Toniolo espoused all the social doctrine principles we take for granted today.

Blessed Giuseppe Toniolo has the unusual accolade of being the first economist in the history of the Church to have received the honor of beatification.  We might also call him the patron beatus of Catholic Social Doctrine.  He may, in fact, one day become the patron saint of Catholic Social Doctrine or Catholic Social Thought.

CORPUS CHRISTI, TX (Catholic Online) - On April 29, 2012, at a ceremony at the Basilica of St. Paul Outside the Walls, the Catholic Church beatified Giuseppe Toniolo (1845-1918).  Blessed Giuseppe Toniolo has the unusual accolade of being the first economist in the history of the Church to have received the honor of beatification.  We might also call him the patron beatus of Catholic Social Doctrine.

Giuseppe Toniolo, the first of four children, was born in 1845 in the town of Treviso to a middle class family with solid religious grounding.  As a young lad, Toniolo studied at St. Catherine's School (later known as the Foscarini) in Venice.  Later, Toniolo studied jurisprudence at the University of Padua. 

After obtaining his degrees in Civil and Canon Law from the University of Padua in 1867, he continued his studies in political economy, which studies were briefly interrupted by the untimely death of his father.  The studies were resumed and, in 1873, he was graduated from the University of Padua.

In 1876 he left Padua to accept a professorship in political economy in at the University of Venice, and in 1878, he left Venice to teach the same subject matter at the University of Modena.  From the University of Modena, he went to the University of Pisa in 1882, and was there a Professor until his death in 1918.

Toniolo took his duties as a professor seriously.  He saw his students as an extended family.  As he expressed it in a diary entry, he saw them as a sacred deposit, as friends of his heart to guide in the ways of the Lord.

As a Professor of political economy, Toniolo wrote many books and articles.  He was unashamed of the God question which he answered ebulliently in the affirmative.  "The economy," he wrote, "is an integral part of the operative design of God, to the extent that. understood properly, participation in it ought to be considered a religious obligation, an obligation of justice and charity to one's neighbor and to one's self."

Toniolo was an early proponent of Catholic social teaching at a time when the Industrial Revolution had ushered in all sorts of social problems.  The Church was confronting these "new things" in the light of the Gospel, and Toniolo contributed his prodigious intellectual talents in arriving at well-founded solutions to those social problems that fit with the Church's understanding of man and of society. 

As one of the vanguard of social justice and an expert in socio-economic problems, Toniolo helped set the framework for social teaching that eventually would become formalized in Pope Leo XIII's encyclical Rerum novarum, the foundational document of Catholic Social Doctrine. 
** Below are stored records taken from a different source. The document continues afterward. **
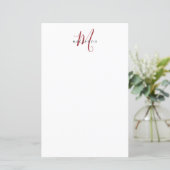 Papier à monogramme élégant moderne blanc rouge sc (Debout devant)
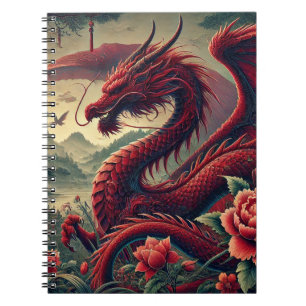 Red Japanese Spiral Notebook   Elegant Asian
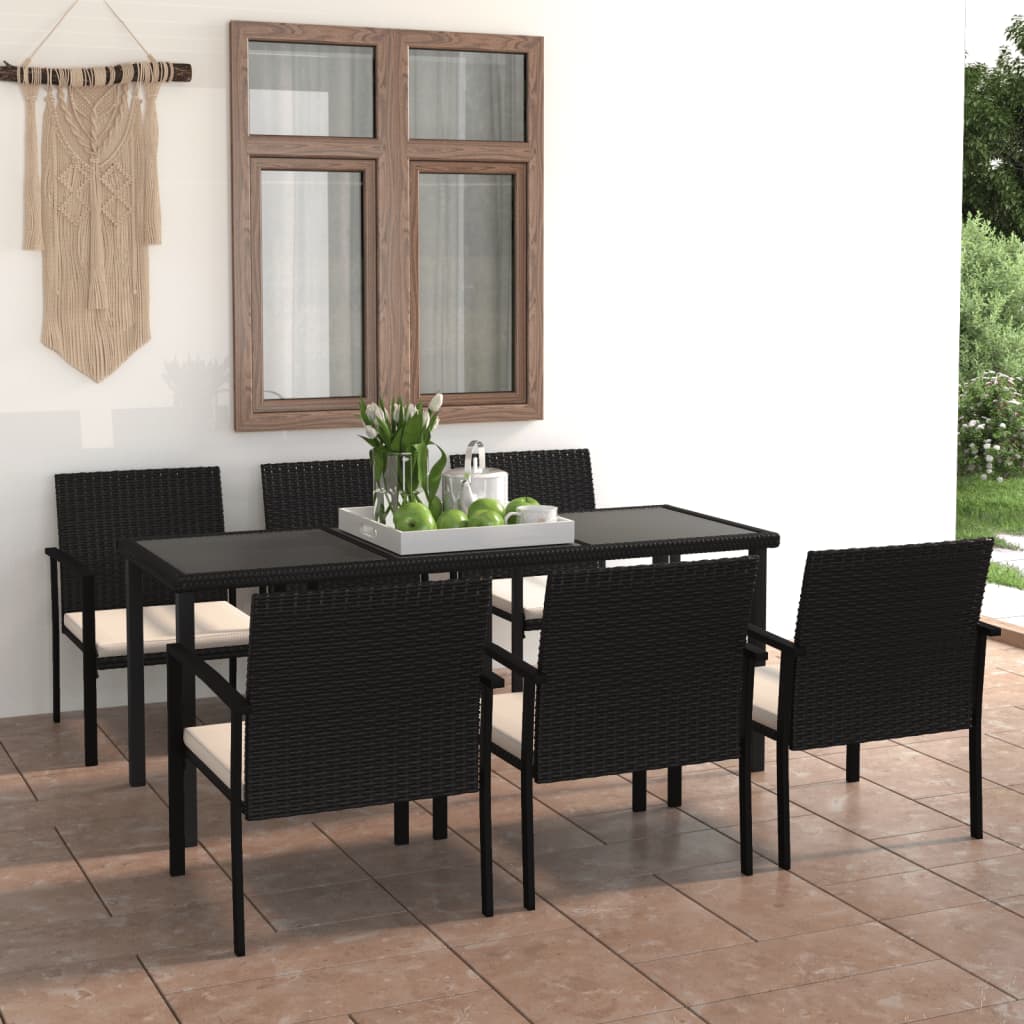 7-delige Tuinset poly rattan zwart - Griffin Retail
Toniolo espoused all the social doctrine principles we take for granted today. 

For example, recognizing the problems arising between the relationship of capital and labor, he advocated labor unions as a means to equalize the relationship.  But as an early Catholic voice in support of labor unions, he resisted the Marxist-Socialist inspired "red" unions, instead advocating "white" unions that rejected aberrant Marxist and Socialist social principles. 

Toniolo also fought against such social evils like the exploitation of workers and child labor.  He insisted that employers pay their workers just wages, that they limit work hours, and that they provide mandatory days for rest.  He also advanced agricultural reforms, promoting dairy cooperatives in northern Italy. 

He was also an advocate of what today we know as subsidiarity.  In Toniolo's day, the principle was known as "corporatism," but the concept was essentially the same.  The principle of corporatism-like the principle of subsidiarity-provided that in social matters a higher corporate body should not interfere in the internal life of lower order corporate body, thereby depriving the latter of its functions.  Rather, the higher order should only support the lower order in case of need and help to coordinate its activity within the activities of the rest of society, and always with a view to the common good.  The same is true with respect to the individual, in that one should not withdraw from individuals and commit to the community what the individual can accomplish by his or her own enterprise or industry.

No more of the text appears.